To address the scalability limitations of the current framework, modular design principles are adopted in practical applications, where microgrids and energy types are designed and implemented as independent modules. New microgrids and energy types can be easily added to the system as new modules. Unified interface standards and protocols are developed to ensure interoperability and compatibility between different microgrids and energy types, simplify system integration processes, and reduce maintenance costs. High-performance computing technologies such as distributed computing, cloud computing, etc., are utilized to improve the data processing capability and communication speed of the system. The above methods can solve the scalability problem of larger networks for different energy sources.

3 Results

To validate the low-carbon economic optimization method for microgrid clusters based on the energy interaction operation strategy proposed in the research; an experiment is conducted to verify it. The corresponding design parameters and experimental data results are analyzed, and the advantages and feasibility are verified.

3.1 Preparation and data statistics for the low-carbon optimization verification experiment of microgrid cluster energy interaction

The experimental simulation environment used in the study is Matlab software, version 3.6.0. Matlab, as a powerful simulation tool, has broad application prospects in carbon trading and microgrid simulation. Through reasonable configuration and optimization, the advantages of Matlab in simulation analysis can be fully utilized, providing strong support for scientific research and engineering applications. This article selects three multi-energy microgrids in a certain region of Northeast China as example objects. An energy transfer example system composed of an IEEE37 node distribution system and an eight-node natural gas system is used to simulate and verify the energy interaction strategy between multi-energy microgrids. The selected multi-energy microgrids A, B, and C are all microgrids containing load types such as electricity, heat, and cooling. Decision variables for each type of energy conversion device are selected based on the actual energy conversion process within the microgrid. The specific demand is displayed in Figure 8. Microgrids A, B, and C had the smallest electrical load demand and the largest cooling load demand. Microgrid A had higher wind and solar power output, and the variation ranges of cooling load, thermal load, and electrical load were around 3,800–5,000 kW, 2,800–3,200 kW, and 1,000 kW, respectively, providing energy in energy interaction. The cooling load demand of microgrid B was particularly high, while the electrical load demand and thermal output were relatively small, with variation ranges of 2,700–5,000 kW and 500–1,000 kW, respectively. The cooling, thermal, and electrical load demands of microgrid C were all high, with varying ranges of 10,000 kW and above, 5,000–8,000 kW, and 2,000–3,000 kW, respectively.

Figure 8

Three microgrid cooling, thermal, and electrical load demands: (a) Micronet A, (b) Micronet B, and (c) Micronet C.

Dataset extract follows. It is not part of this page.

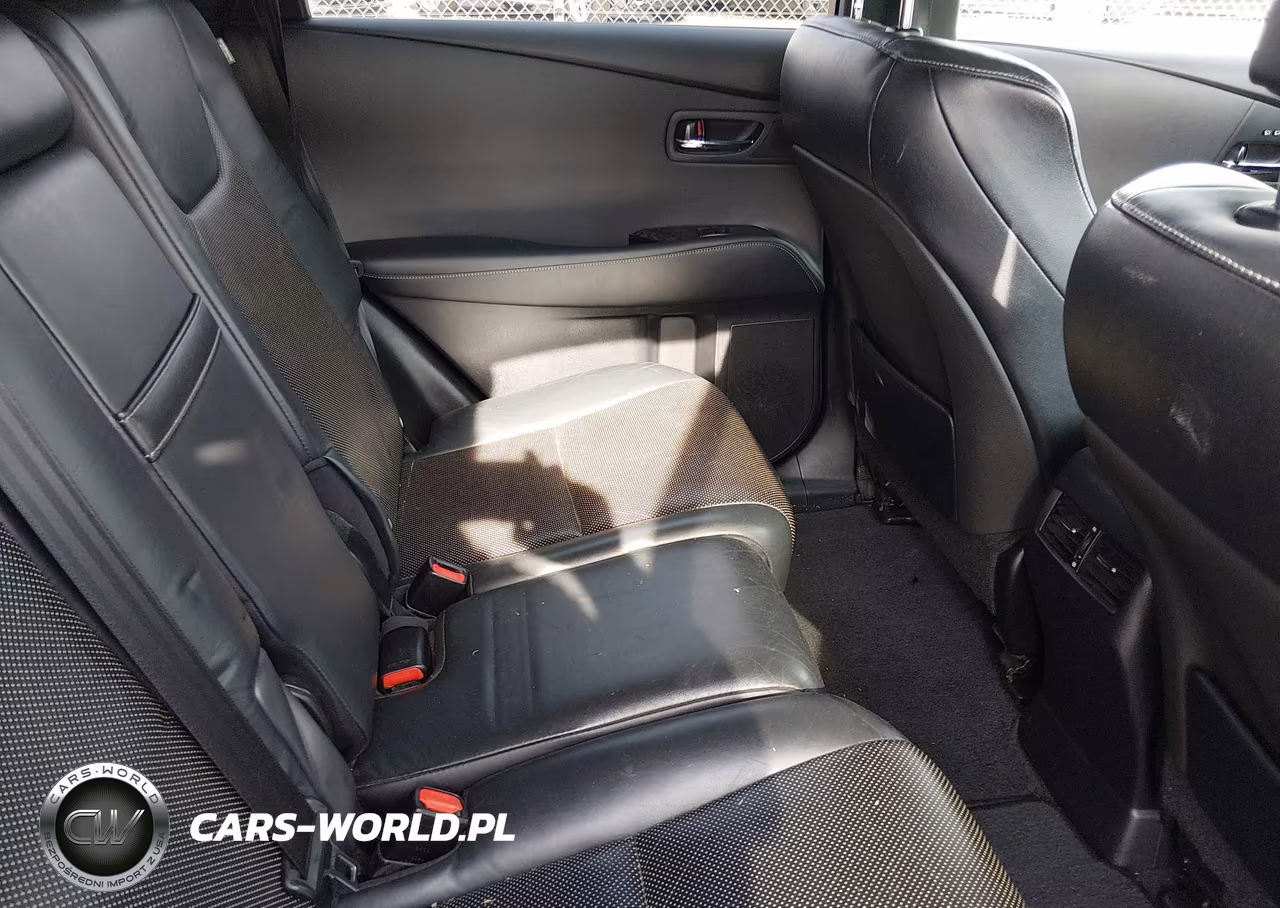 2015 Lexus Rx 350 F Sport VIN:2T2BK1BA5FC338017 - 8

To effectively explore the process and optimization effect of microgrid energy interaction, the experimental statistics of the power supply and output of distributed wind and photovoltaic generators in three microgrids are shown in Figure 9. From Figure 9(a), microgrid A had a larger distributed wind power supply, followed by microgrid B, with a supply and output of less than 5 MW. Microgrid C had the smallest supply and output, which was below 4 MW. In Figure 9(b), the output of photovoltaic generators in three microgrids is further analyzed. The photovoltaic generator in microgrid A had the highest output, reaching around 4 MW, while microgrids B and C had outputs of around 3 and 2.9 MW. Overall, microgrid A exhibits strong energy supply capabilities in both distributed wind and photovoltaic power generation, with good energy interaction and supply performance. Microgrids B and C are relatively weak on energy supply and output, but still have certain potential for wind and photovoltaic utilization.

Figure 9

The power supply and output of distributed wind and photovoltaic generators in three microgrids. (a) Energy microgrids wind turbine output. (b) Energy microgrid photovoltaic genset output.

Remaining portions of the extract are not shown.